§ **TASK DESCRIPTION**
Return the material below exactly, but only from the line with "But first I'd" through the line with "Let's get started.", and without its pictures.

§ **EXTRACTED DATA**
Start of Block
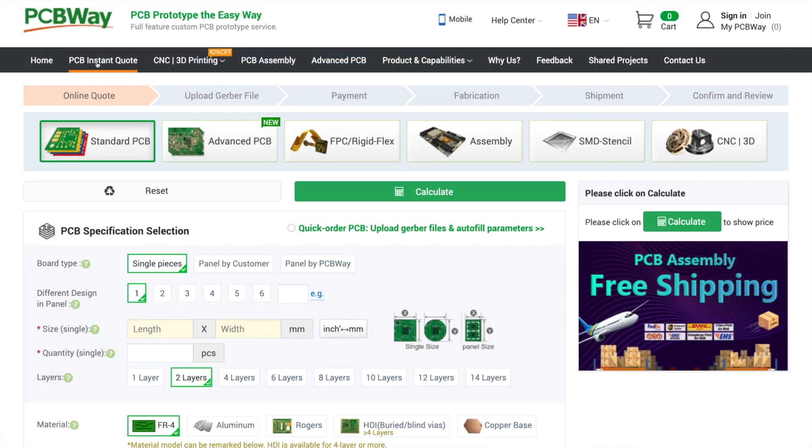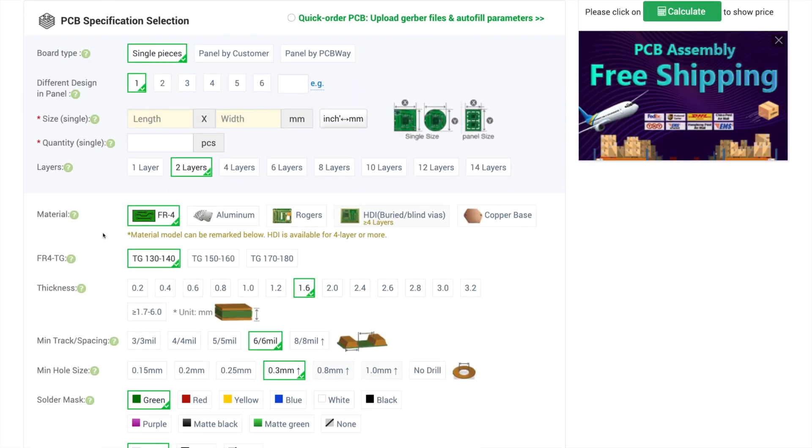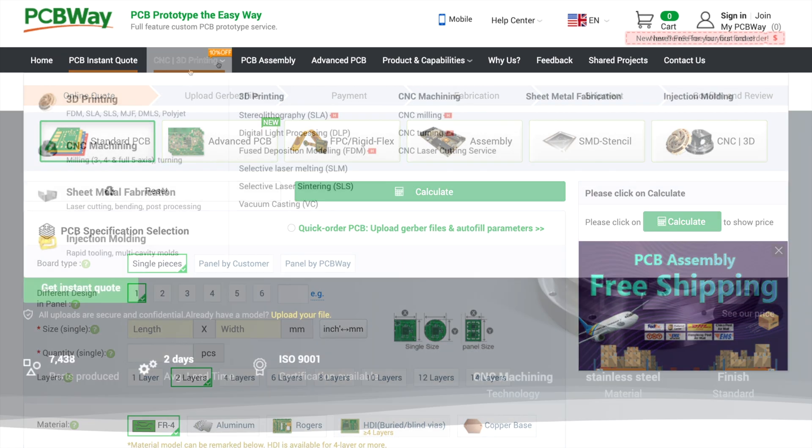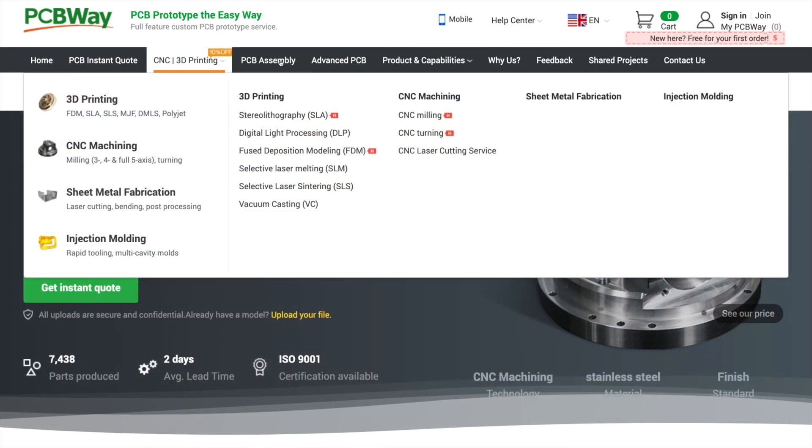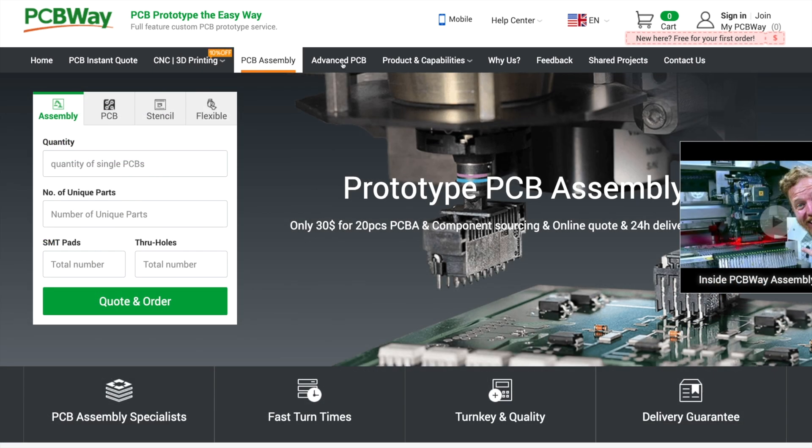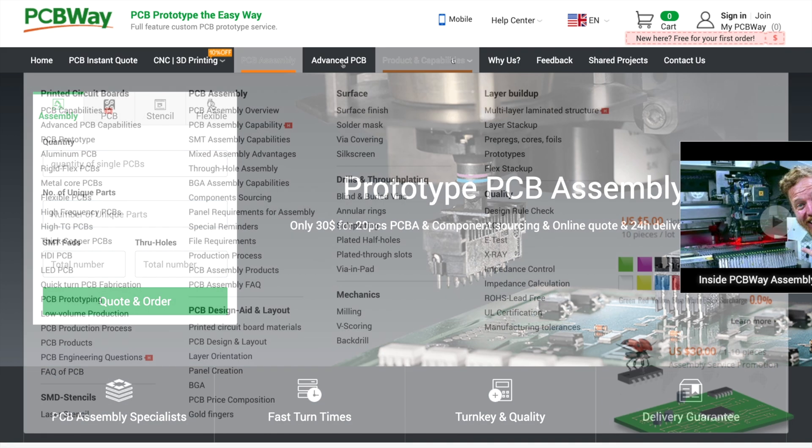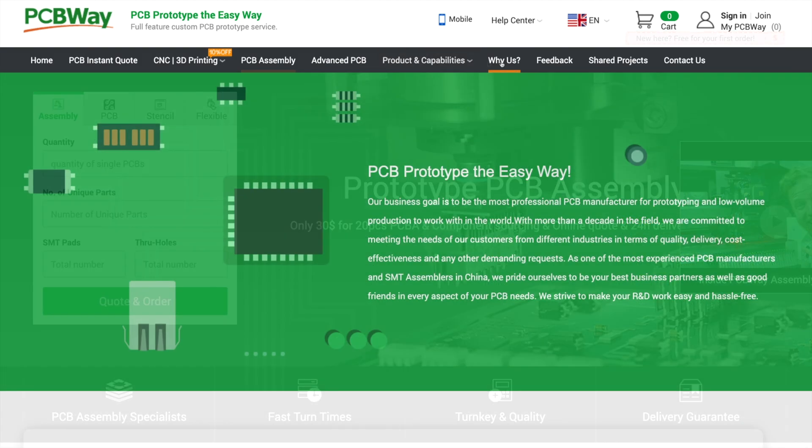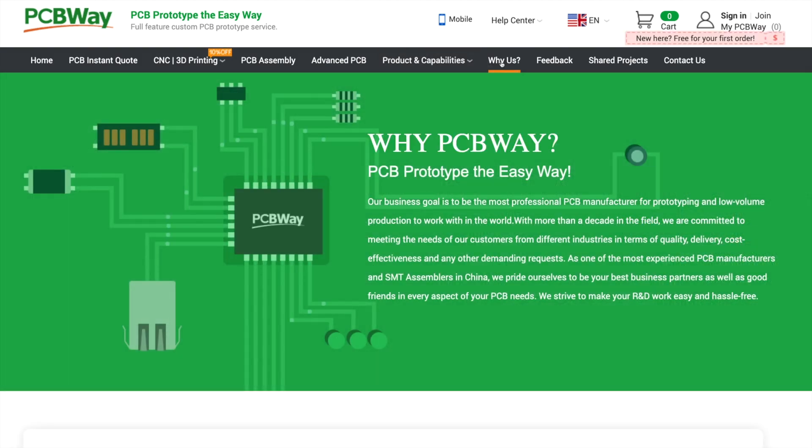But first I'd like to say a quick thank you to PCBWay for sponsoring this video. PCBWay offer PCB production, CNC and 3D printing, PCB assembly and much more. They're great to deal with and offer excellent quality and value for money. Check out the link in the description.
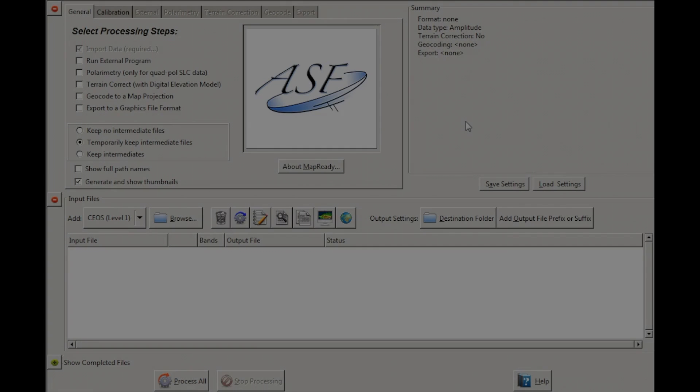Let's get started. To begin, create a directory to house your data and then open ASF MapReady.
End of Block
Start of Block
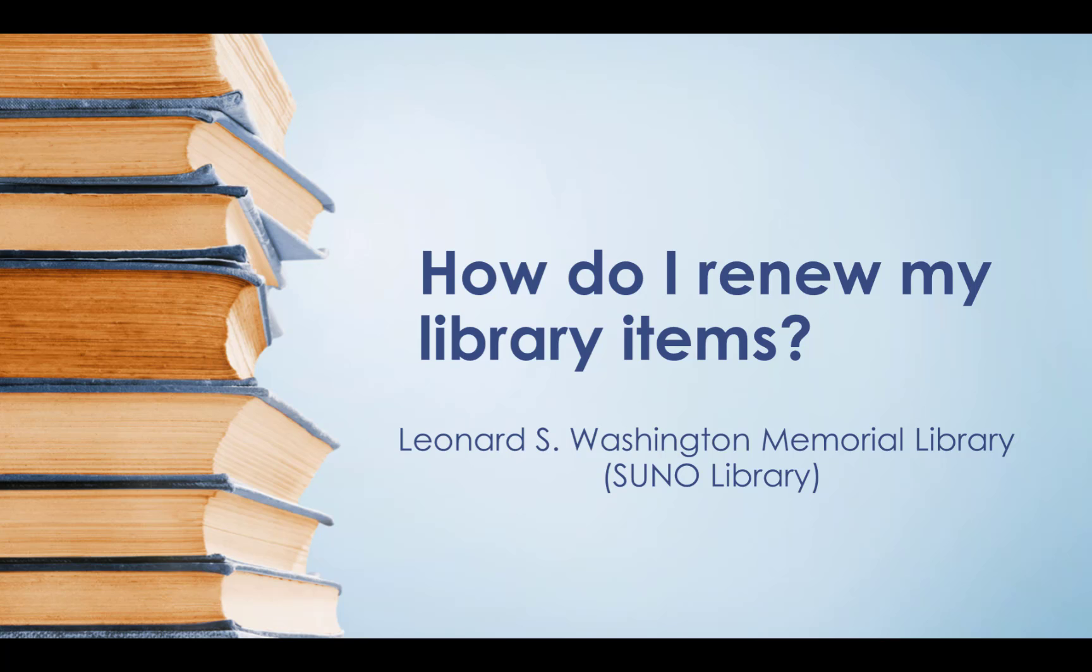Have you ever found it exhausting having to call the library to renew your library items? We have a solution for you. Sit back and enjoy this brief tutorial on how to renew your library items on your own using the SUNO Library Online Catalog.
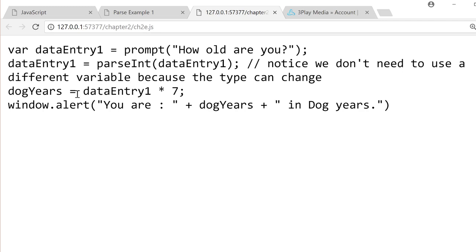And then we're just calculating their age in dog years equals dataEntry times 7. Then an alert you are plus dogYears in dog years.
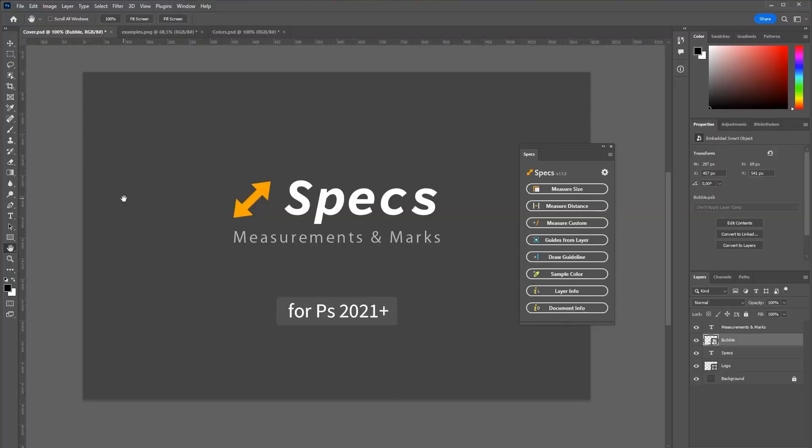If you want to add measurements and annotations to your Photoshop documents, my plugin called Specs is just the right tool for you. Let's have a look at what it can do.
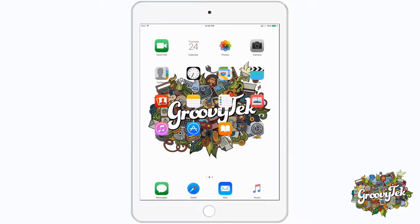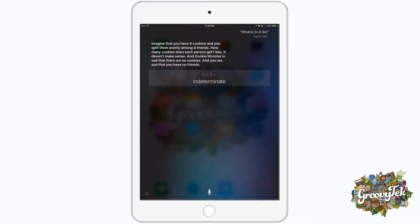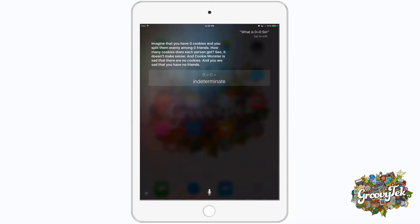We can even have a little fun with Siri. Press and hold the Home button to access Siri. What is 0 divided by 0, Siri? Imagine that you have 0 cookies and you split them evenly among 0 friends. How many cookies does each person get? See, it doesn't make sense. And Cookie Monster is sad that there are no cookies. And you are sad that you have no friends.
End of Block
§ **ANSWER**
But first I'd like to say a quick thank you to PCBWay for sponsoring this video. PCBWay offer PCB production, CNC and 3D printing, PCB assembly and much more. They're great to deal with and offer excellent quality and value for money. Check out the link in the description.
Let's get started. To begin, create a directory to house your data and then open ASF MapReady.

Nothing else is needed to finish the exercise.